Another thing that was a necessity in those days was a pair of Bass Weejuns. They completed an outfit and made a person fit right in as the coolest of the cool. Bass Weejuns are still sold today and they are a rather expensive pair of penny loafers. Most guys got them in a burgundy color. Before I got my job at the radio station, I had to wear a cheaper shoe. It looked like the Weejun and it was bought at one of the main family clothiers in town....The Big Store. My shoe was the same color. It was the same design. You couldn't tell if from the Weejun shoe. But there was one difference. The Weejuns had two little holes at the rear of the shoe on the strap that went from the heel to the top of the back of the shoe. Those two little holes were about three-fourths inch apart and they looked like where a snake had bitten the shoe. Those little holes marked the spot where the shoes were hung up to dry after they were polished at the factory. Now, you HAD to have those two little holes if your shoes were genuine, "cool" Weejuns. Of course, my shoes didn't have the two holes. People would look at your shoes and try to see if they had the little holes. That problem was easily solved for me with an old fashioned ice pick. When I finished with my regular old penny loafers, they passed the inspection and everyone thought I had on those cool Bass Weejuns. Ahhh, that peer pressure!!

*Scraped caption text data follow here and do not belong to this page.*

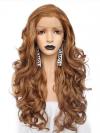 Long Brown Wave Lace Front Drag Wig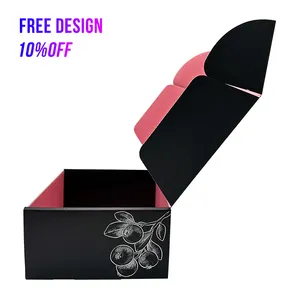 निः शुल्क डिजाइन लोगो नालीदार कागज उपहार शिपिंग बॉक्स कार्डबोर्ड जूते अंडरवियर पैकेजिंग बॉक्स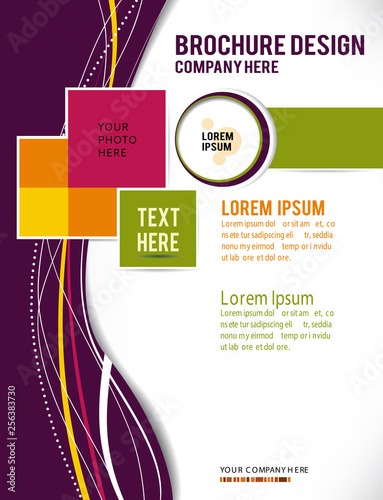 Abstract Business Background. Layer template. Brochure or flyer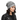 Woman in beanie - side profile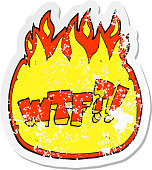 istock retro distressed sticker of a cartoon WTF symbol 1476019219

Also, "cool" in those days were taps on the heels of your shoes. You had to be able to make a clickety-clack going down the sidewalk or you just weren't with it! We didn't need them because all those shoes had rubber heels but taps were a necessity it seems. A group of guys going down the sidewalk in Tifton sounded like a herd of horses. Who could walk the coolest. Who mastered his taps the best. So, here's the picture: A sculpted Elvis haircut, a starched white shirt with the collar turned up just right, a pair of tight fitting, low slung Levi jeans, and a pair of cool Bass Weejuns (with the little holes) and taps singing a cool tune on the pavement. All that was a necessity in the late fifties and early sixties, but the essential part was the Levis and the Bass Weejuns.